[Extracted information — start]
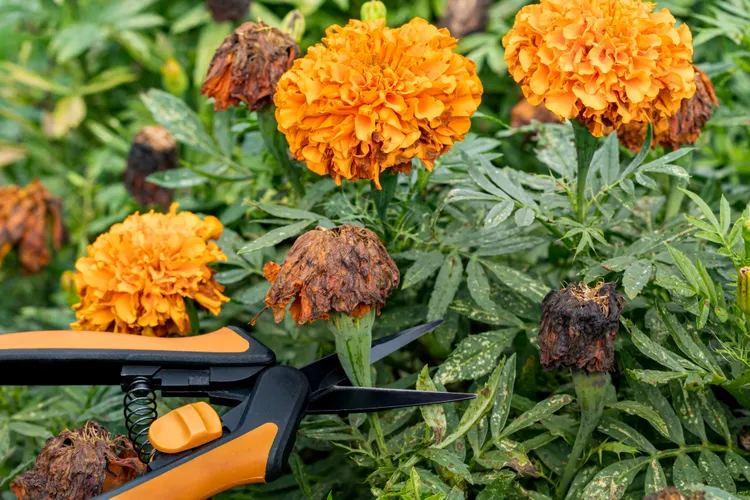 How to Deadhead Marigolds for More Blooms All Summer Long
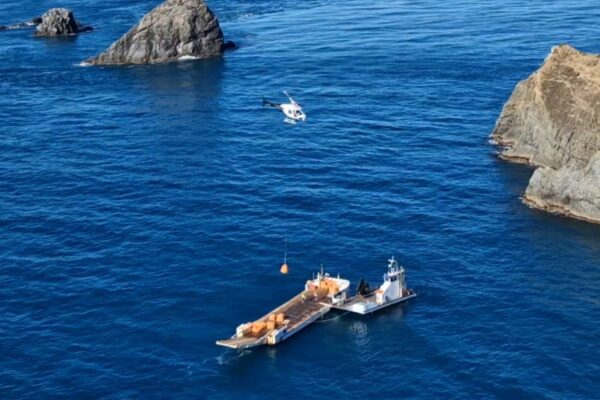 4_north_brother_island_update_scope_group_asbestos_removal_demolition_services_nationwide_blog_1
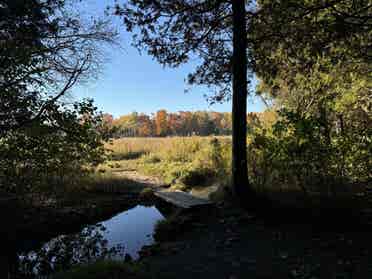South End Home Park Land - Female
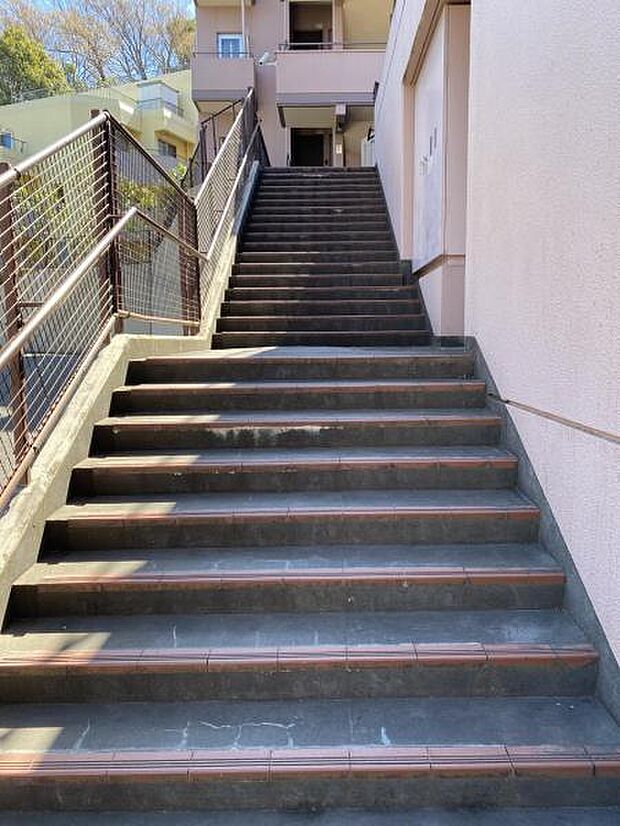 マンションへ入るための階段です。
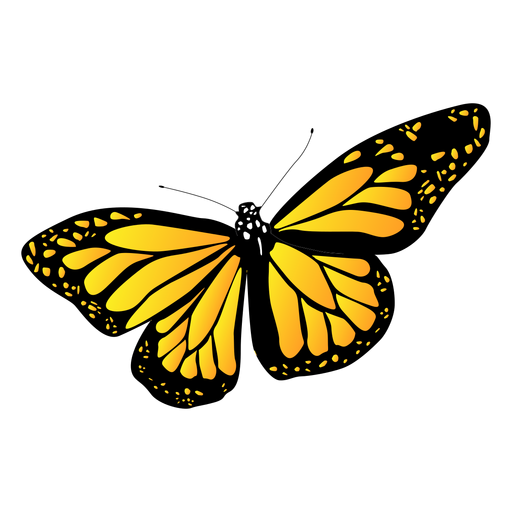 Gold Butterfly PNG Images HD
[Extracted information — finish]
▸ About this task: An exact copy of all the data above is required; omit any pictures.

▸ Your solution:
 How to Deadhead Marigolds for More Blooms All Summer Long
 4_north_brother_island_update_scope_group_asbestos_removal_demolition_services_nationwide_blog_1
South End Home Park Land - Female
 マンションへ入るための階段です。
 Gold Butterfly PNG Images HD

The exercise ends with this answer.